Task prompt:
Images excluded, repeat each entry below exactly.

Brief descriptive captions
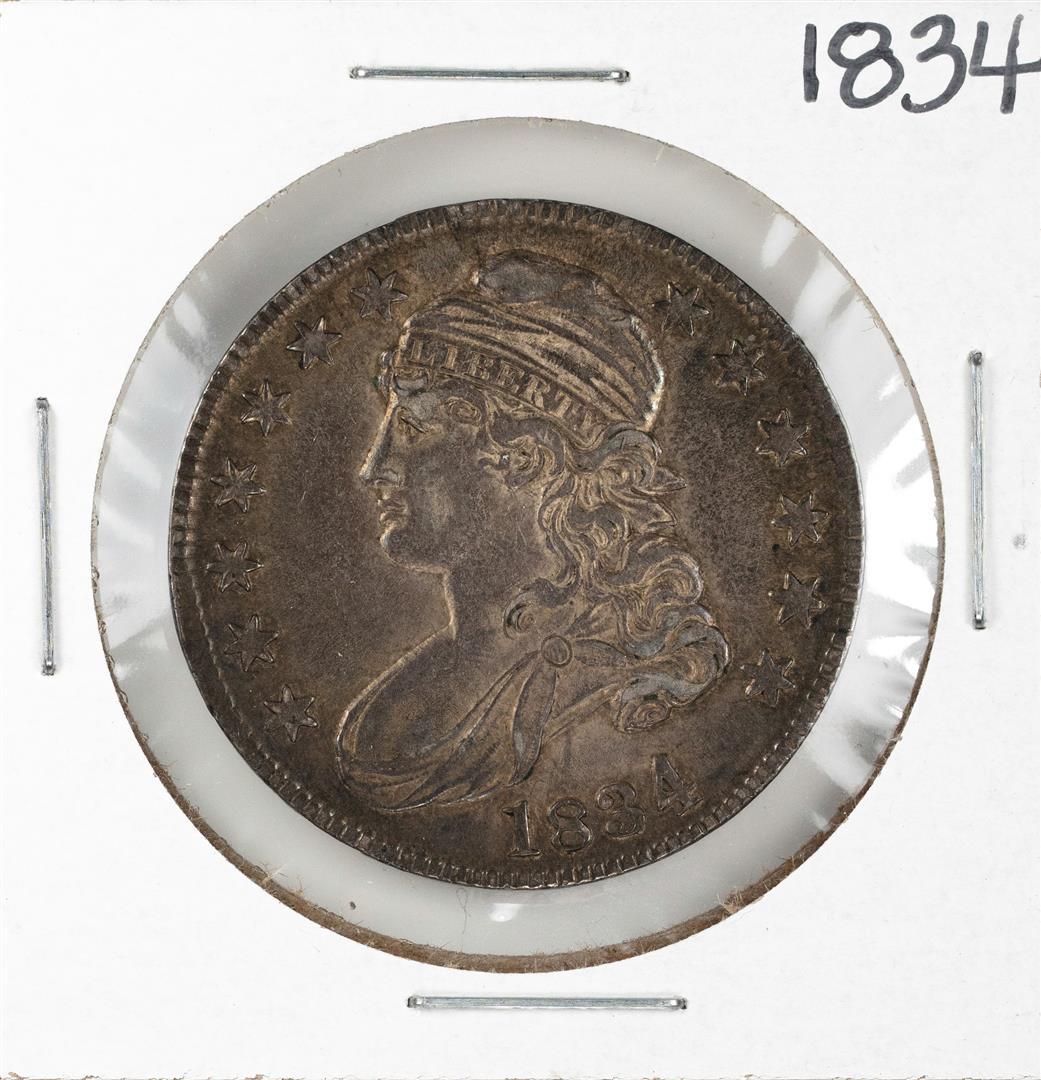 1834 Capped Bust Half Dollar Coin: One 1834 Capped Bust Half Dollar Coin.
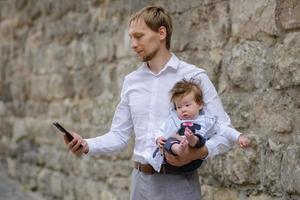 A young father is talking on a cell phone and holds his little daughter in his arms. copy space photo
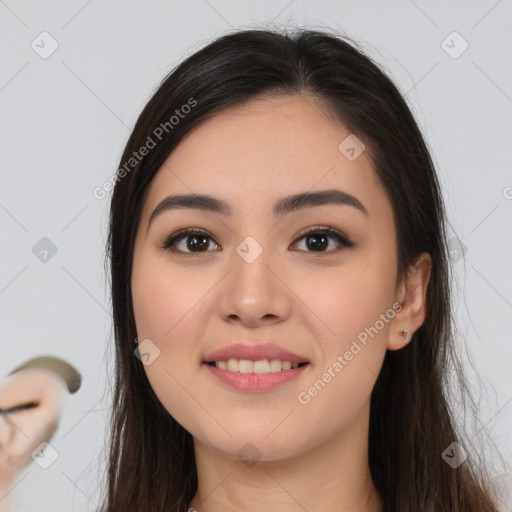 Joyful white young-adult female with long  brown hair and brown eyes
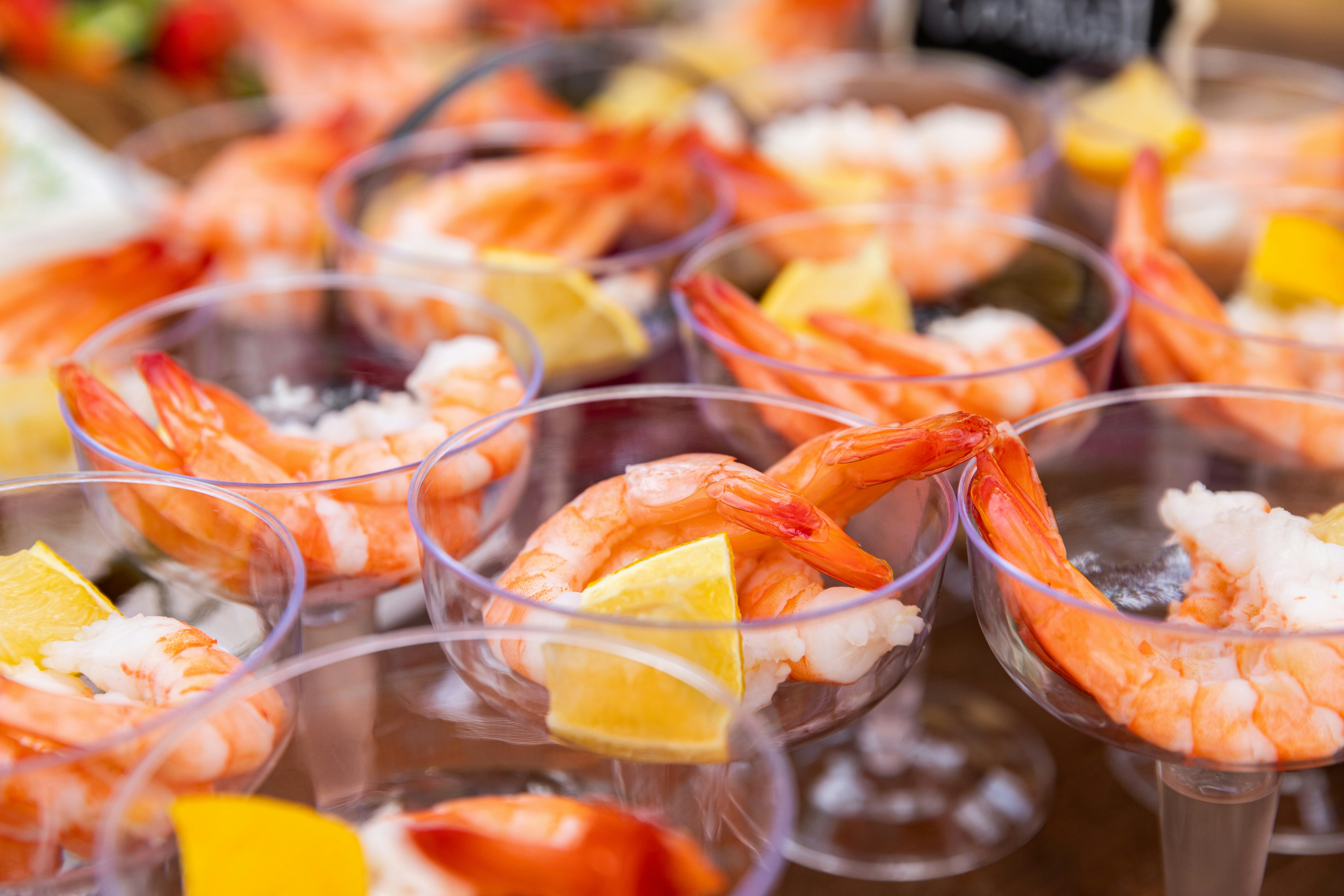 Shrimp cocktail shooters with lemon slices.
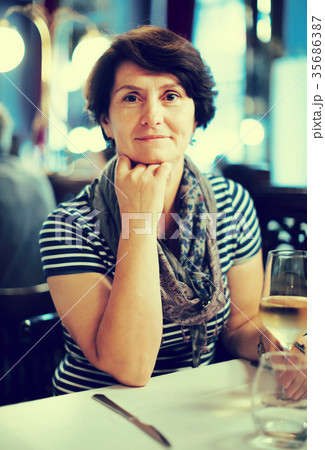 Elderly lonely woman at dinner in restaurant 35686387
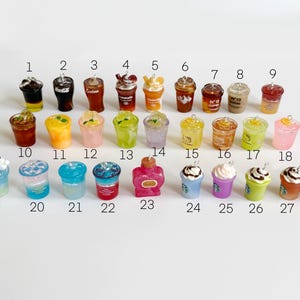 Puede incluir: Una colecci&oacute;n de veintiocho dijes de bebidas en miniatura dispuestos en tres filas, numerados del 1 al 28. Los dijes presentan varios dise&ntilde;os, incluyendo caf&eacute;s helados, bebidas con infusi&oacute;n de frutas y bebidas con crema batida.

Result:
 1834 Capped Bust Half Dollar Coin: One 1834 Capped Bust Half Dollar Coin.
 A young father is talking on a cell phone and holds his little daughter in his arms. copy space photo
 Joyful white young-adult female with long  brown hair and brown eyes
 Shrimp cocktail shooters with lemon slices.
 Elderly lonely woman at dinner in restaurant 35686387
 Puede incluir: Una colecci&oacute;n de veintiocho dijes de bebidas en miniatura dispuestos en tres filas, numerados del 1 al 28. Los dijes presentan varios dise&ntilde;os, incluyendo caf&eacute;s helados, bebidas con infusi&oacute;n de frutas y bebidas con crema batida.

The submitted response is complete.